The global pursuit of energy to fuel an expanding world economy often focuses on building new infrastructure, from power plants to transmission lines. Yet, a significant, often overlooked, energy source already exists, embedded within the very systems designed to generate and distribute power. Katie McGinty argues that this embedded capacity, largely in the form of wasted energy, represents a critical, immediate opportunity for meeting escalating demand, particularly as technologies like artificial intelligence drive unprecedented consumption spikes.
Consider the sheer scale of the energy currently produced but never effectively utilized. Globally, nearly half of all energy input is lost, primarily as heat, across various sectors including power generation, industrial processes, and commercial buildings. Industrial systems alone squander between 20% and 50% of their energy as heat, a colossal inefficiency that constitutes a parallel energy system, vast in its scope but largely ignored. Each year, over 3,000 terawatt-hours of usable waste heat goes untapped worldwide. To put this into perspective, that volume of energy is roughly equivalent to three-quarters of the United States’ annual electricity consumption, enough to power hundreds of millions of homes. This isn’t a marginal loss; it’s a fundamental design flaw with immense potential for recovery.

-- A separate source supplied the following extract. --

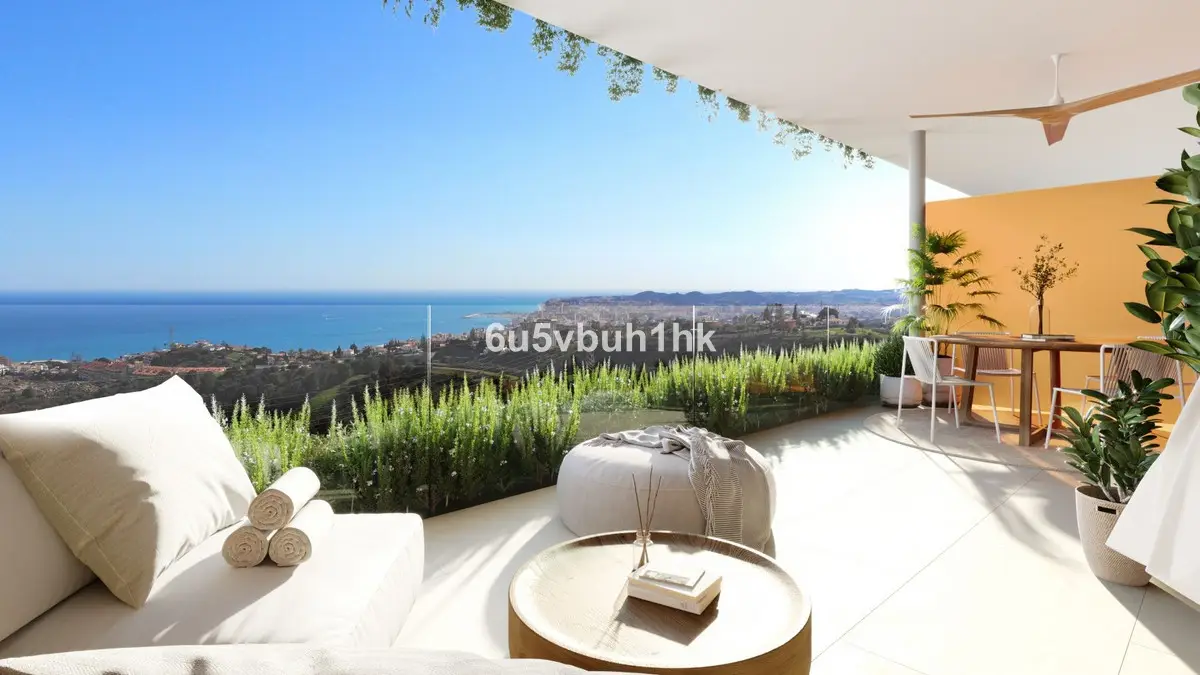 Ground Floor Apartment for sale in Fuengirola — photo 1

The urgency to address this waste is amplified by the burgeoning demands of the digital age. The International Energy Agency projects that electricity consumption by data centers will more than double by 2030, reaching approximately 945 terawatt-hours. This figure alone matches the entire current electricity consumption of Japan. In advanced economies, data centers are set to account for over 20% of electricity demand growth this decade. The conventional response often points to a need for massive expansion of energy generation. However, a substantial portion of this demand isn’t inherent to computation itself; it’s overhead, largely driven by legacy assumptions in facility design, particularly concerning cooling.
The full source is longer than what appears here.